● Working data
>>>
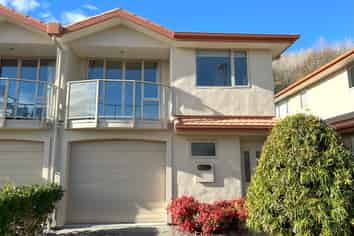 3/115 Grove Street, The Wood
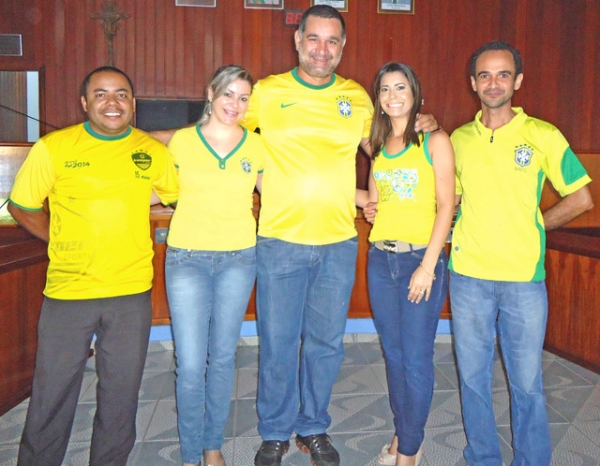 Servidores da Cmara de Juara prontos para torcer pelo Brasil uniformizados.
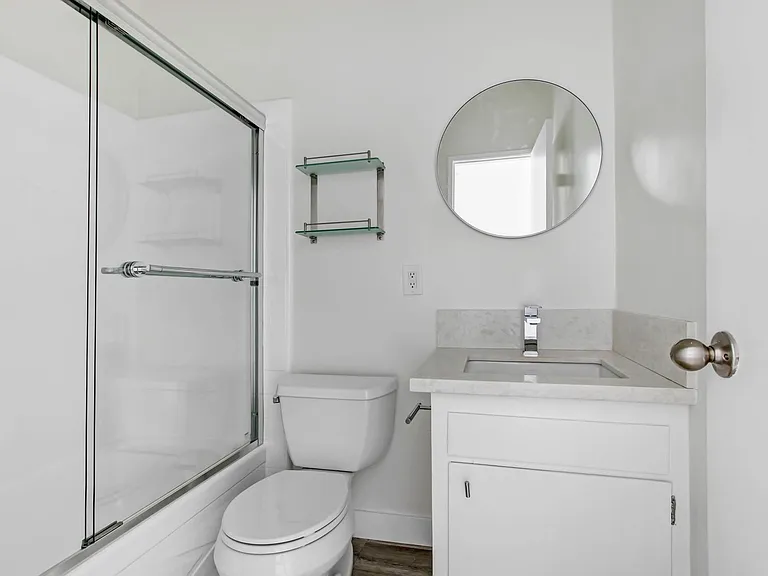519 Hill St in Santa Monica! Steps to Main St and the beach! — Photo 12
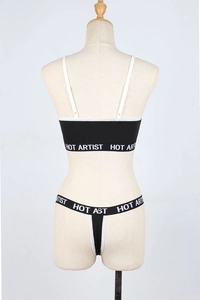 Vue arrière d'un ensemble de lingerie élastique noir et blanc avec logo HOT ARTIST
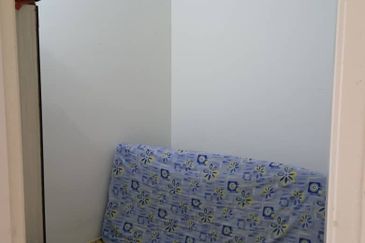 Dedaun Hijau (Greenfield Regency)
<<<
● Your goal
Only an exact copy of the records, free of images, belongs in the answer.

● Answer to the problem
 3/115 Grove Street, The Wood
 Servidores da Cmara de Juara prontos para torcer pelo Brasil uniformizados.
519 Hill St in Santa Monica! Steps to Main St and the beach! — Photo 12
 Vue arrière d'un ensemble de lingerie élastique noir et blanc avec logo HOT ARTIST
 Dedaun Hijau (Greenfield Regency)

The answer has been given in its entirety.